**Task requirements:** Every line of the material is to be returned verbatim. Pictures stay out.

**Supplied data:**
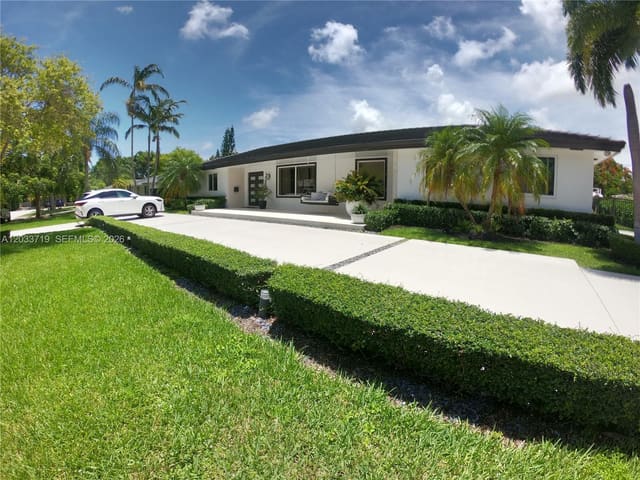14500 SW 84th Avenue, Paris Manor West, Palmetto Bay, FL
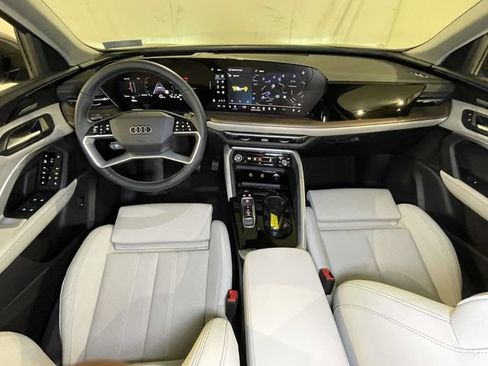 Used 2025 Audi Q5 Premium Plus AWD/4WD image 24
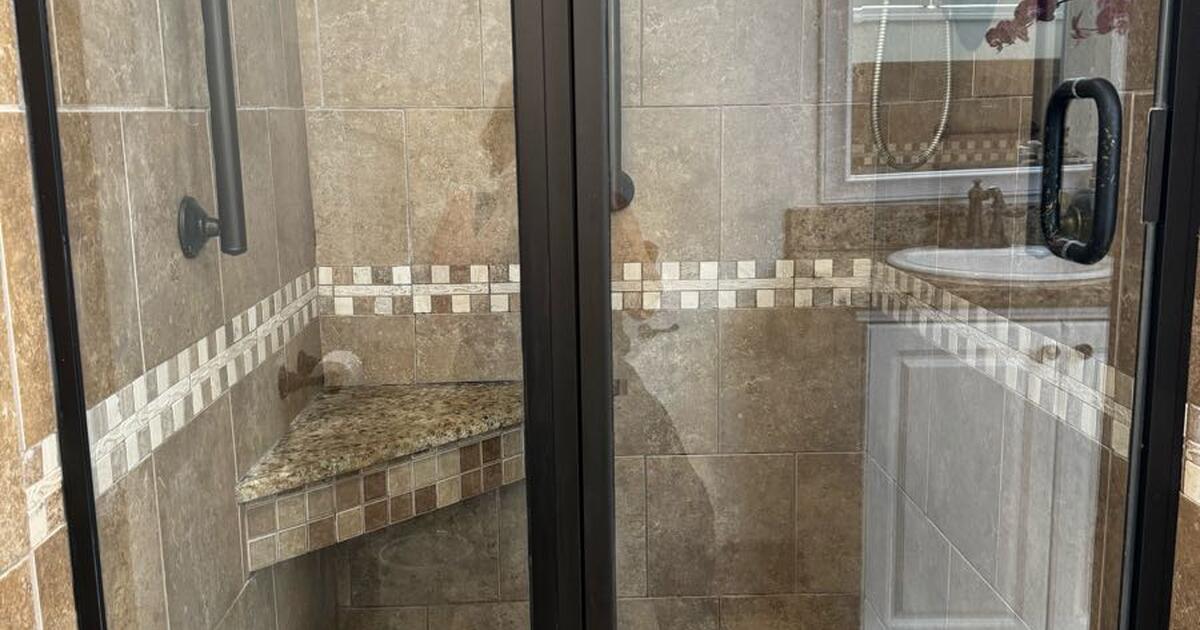 Shower door for 30 in Bluffton, SC For Sale & Free — Nextdoor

**Response:**
14500 SW 84th Avenue, Paris Manor West, Palmetto Bay, FL
 Used 2025 Audi Q5 Premium Plus AWD/4WD image 24
 Shower door for 30 in Bluffton, SC For Sale & Free — Nextdoor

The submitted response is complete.